The task calls for each record to be given again unchanged, minus any pictures.

Data records

┄┄┄┄┄┄

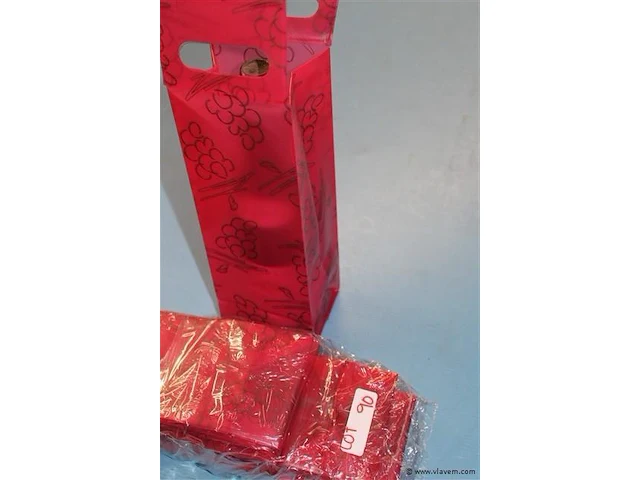 Stevige plastiek geschenkzak voor wijnfles - afbeelding 2 van  2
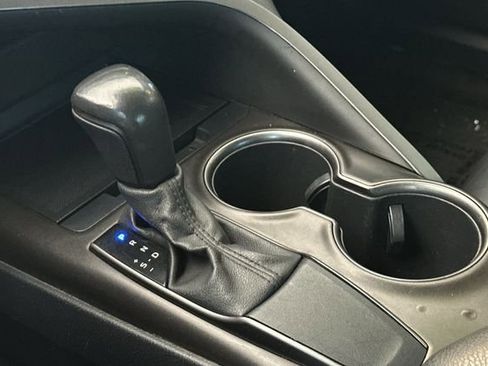 Used 2021 Toyota Camry SE w/ Carpet Mat Package (TMS) FWD image 23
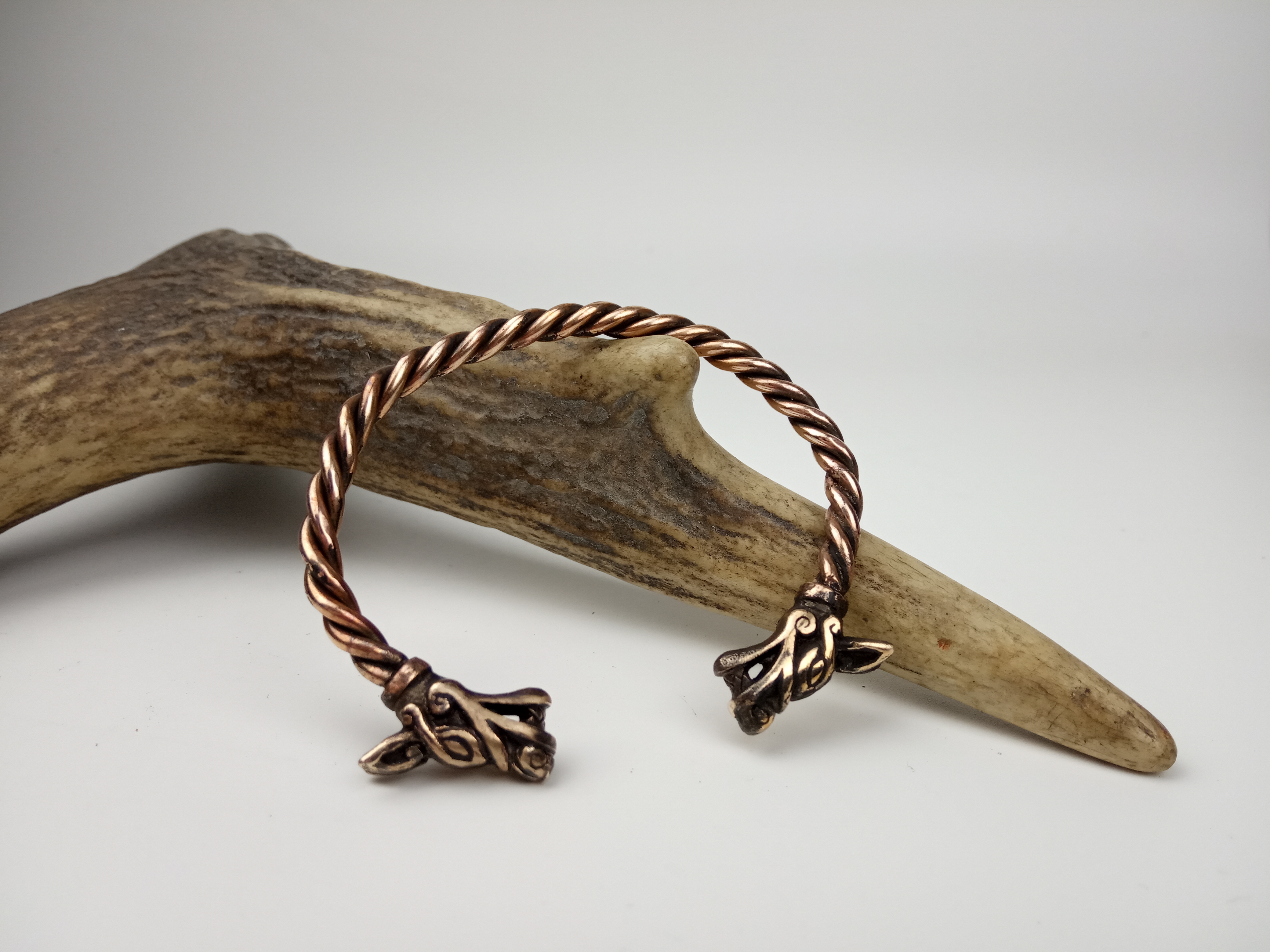 Vikingský náramek s vlčími hlavami malý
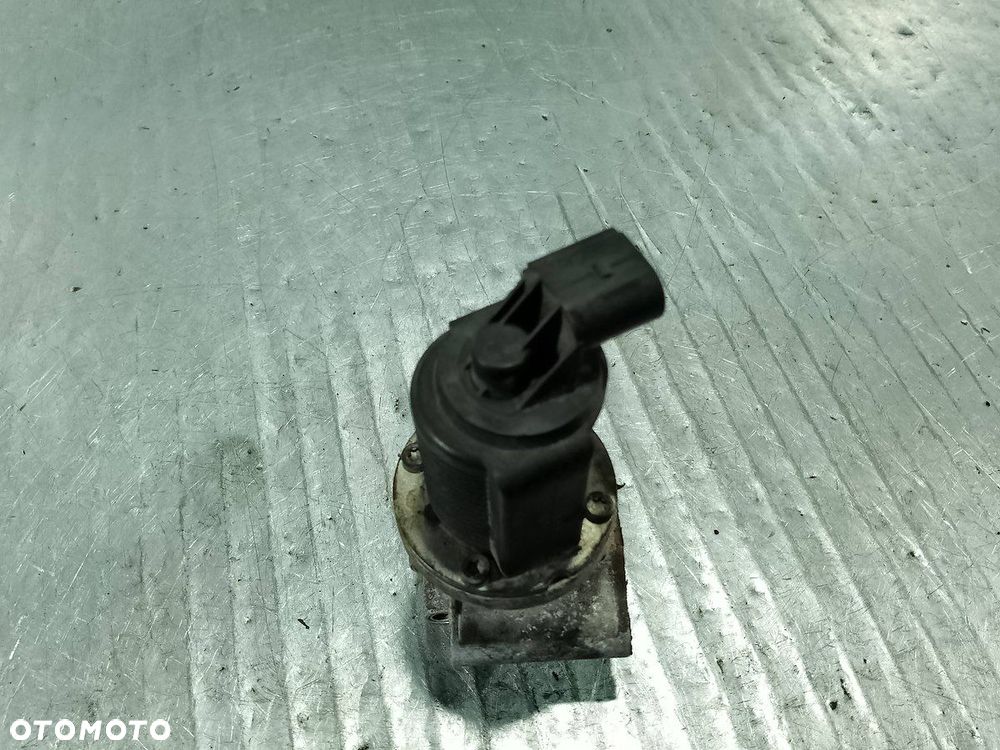 ZAWÓR EGR OPEL ASTRA H 1.9 CDTI - 2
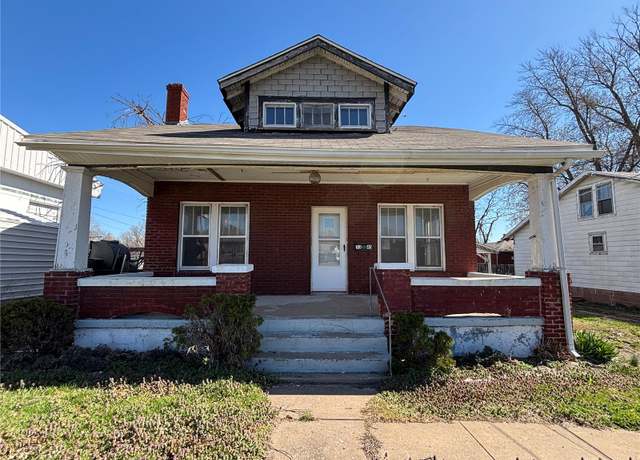 Property at 3345 Belle St, Alton, IL 62002, 4 beds, 1 bath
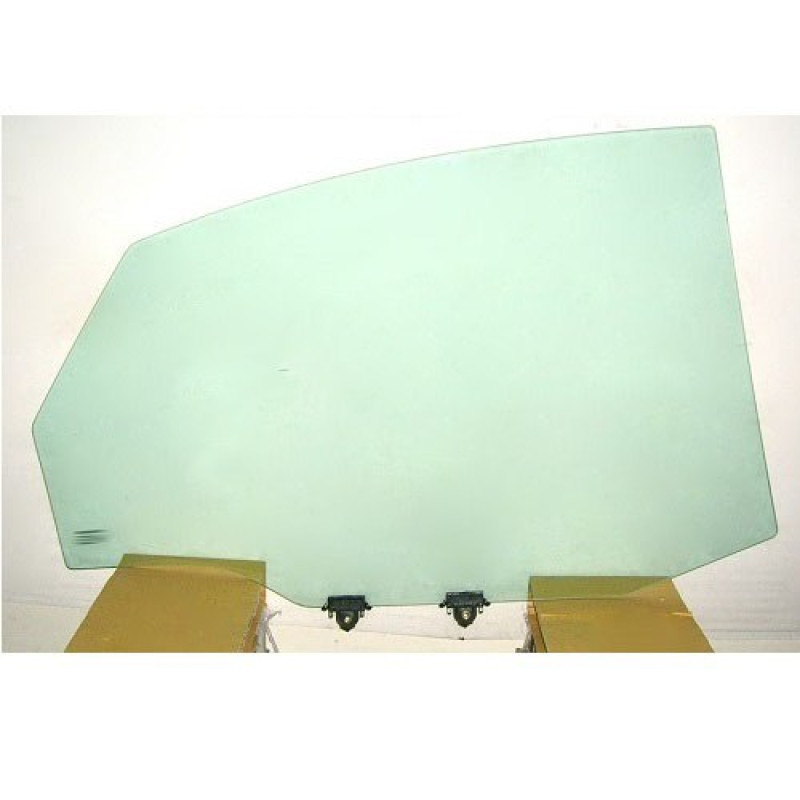 Скло дверне заднє ліве Toyota Avensis T22 хетчбек 97-03 (XYG)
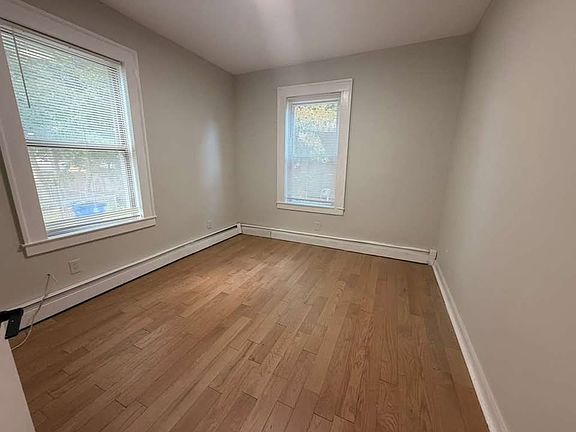 5th image of 77 Orchard St APT 1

┄┄┄┄┄┄

_ANSWER SECTION_
 Stevige plastiek geschenkzak voor wijnfles - afbeelding 2 van  2
 Used 2021 Toyota Camry SE w/ Carpet Mat Package (TMS) FWD image 23
 Vikingský náramek s vlčími hlavami malý
 ZAWÓR EGR OPEL ASTRA H 1.9 CDTI - 2
 Property at 3345 Belle St, Alton, IL 62002, 4 beds, 1 bath
 Скло дверне заднє ліве Toyota Avensis T22 хетчбек 97-03 (XYG)
 5th image of 77 Orchard St APT 1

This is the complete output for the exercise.